Very open blackberry fruit aroma with gentle hints of violets. This is a rich and very pleasingly structured Cru Bourgeois, with an appealing density of fruit. A naturally big wine with a lovely sweet finish.
This is another over-achieving estate that tends to produce wines with lots of intensity and structure. This wine certainly has the formidable intensity one expects from Charmail, but the tannins are silky smooth and the result is the sexiest Charmail to date. An opulent, even voluptuously textured wine, full-bodied and dense purple in color, it is a seductive blend of 47% Merlot, 35% Cabernet Sauvignon and the rest Cabernet Franc and Petit Verdot. It was bottled unfined and unfiltered and came in with natural alcohols of 14%. The low acidity, plush fruit and silky tannins all suggest drinking this over the next decade. It is another sleeper of the vintage, of which there is nearly an endless supply in this great year. Drink: 2012 - 2022
This classic over-performer has turned out another super-attractive, supple-textured, dark ruby/purple-colored wine displaying notes of flowers, licorice, spice, and background oak. It should drink nicely for a decade or more. Drink: 2010 - 2020
Blackish. Very heady and rich and charming on the nose. Super-ripe. Sweet start and nice completeness. Good refreshing savoury finish. Neat and well done.
Tar, blueberry and currant aromas follow through to a full body, with soft, chewy tannins and a long finish. Big and juicy.
Dense red, good fleshy blackcurrant fruit, good tannins, very well made. Drink 2013-18.

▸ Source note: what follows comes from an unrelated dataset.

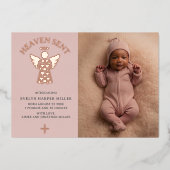 Geboorteaankondiging Hemelse Gezonden Folie Engelk Folie Uitnodiging (Voorkant)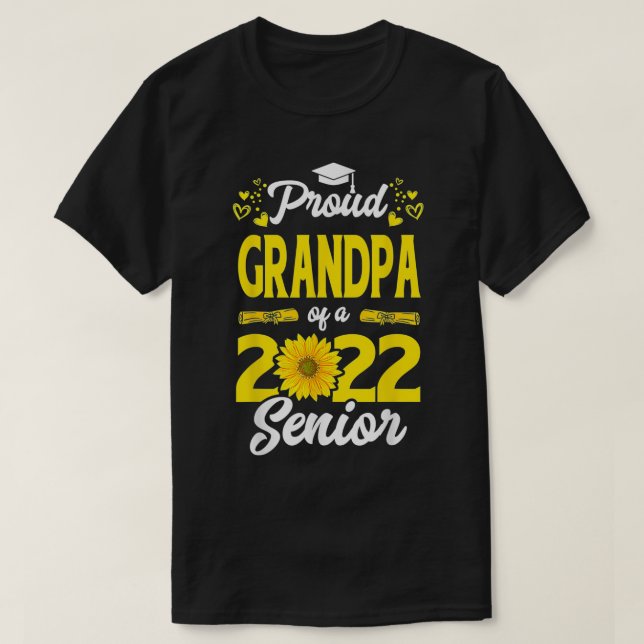 Klasse 2022 Herz-Sonnenblumen-Proud-Grandpa von 2 T-Shirt (Design vorne)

The Haut-Médoc is an appellation within the Médoc that stretches along the left bank of the Gironde from Blanquefort in the south to the north of Bordeaux. The region encompasses the more famous communes of St-Estèphe, Pauillac, St-Julien and Margaux. Following the 1855 classification many of its most famous estates were classified and scored as first, second, third, fourth or fifth growths. This was based on their social and commercial positions at the time. Most of these classed growths use the village appellation name, such as Pauillac. However five of these classed growths fell outside a village appellation so take the name Haut-Médoc. Many of the vineyards which are classified as Haut-Médoc may actually also be referred to as Cru Bourgeois wines. These wines have lower permitted yields and so offer great value for money.